Statistics and the Church

There’s a reasonably prominent article in the Sunday Times today on page 4 in Scotland highlighting the numerical decline of the Scottish Episcopal Church over the last five years.

There’s quite a few quotes from what they expect the Primus to say when he opens this week’s General Synod and there’s an old recycled quote from me into the bargain.

The headline figure which they quote is a decline in membership of 15% over the last five years. That figure should make people sit up and take notice.

The pattern on the ground is more mixed of course. There’s good news to report in Argyll and The Isles and also in Moray, Ross and Caithness.

I think it is interesting that the two dioceses which have invested most in Mission Action Planning are not doing as well as I think might have been hoped for. That isn’t surprising to me. I expect to be told that it just hasn’t had time to work yet.

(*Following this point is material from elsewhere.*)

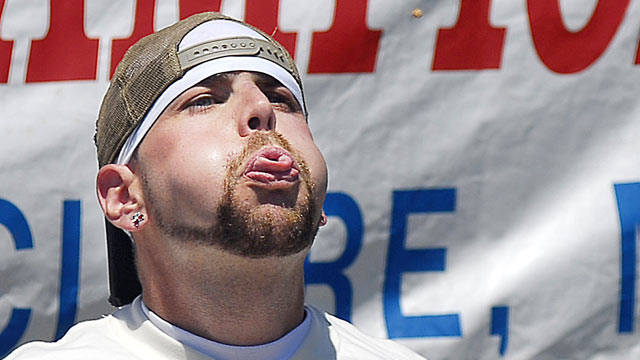 PHOTO: Brian Krause from Jackson, Mich., wins the 35th Annual Cherry Pit Spitting Championship, July 5, 2008 at Tree-Mendus Fruit Farm in Eau Claire, Mich.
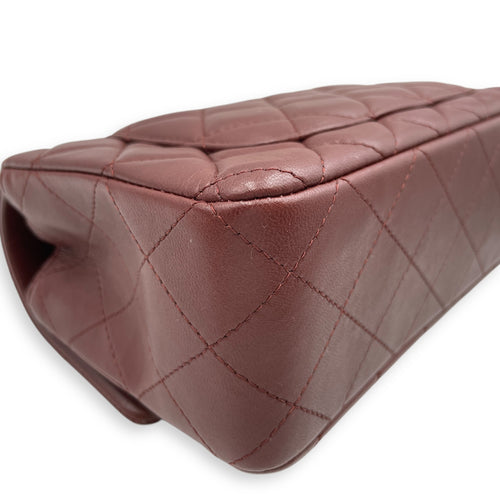 Rectangular Mini Burgundy Flap Bag in Lambskin, Gold hardware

The time is surely coming when it will¬† have had time to work though.

There’s a quote from me in there which I think they’ve lifted from something I said a few weeks ago. I’m quoted (as “one of the Anglican Church’s most prominent clergy”) as saying that I look forward to “an Easter Day when I can celebrate new marriages for gay members of my congregation just as I can for straight couples”.¬† The implication, which the paper makes on behalf of its readers, is that churches which drift far away from common sense, public goodwill and what most folk think of as decent morals don’t really deserve new members. It is a fairly obvious thing to say though my suspicion is that most church folk still think that churches are highly regarded in society and haven’t realised that with a huge number of people they are not. Pitching themselves on the wrong side of the gay marriage debate is not the only reason that churches are in decline. However, it is a factor and one that needs to be thought about.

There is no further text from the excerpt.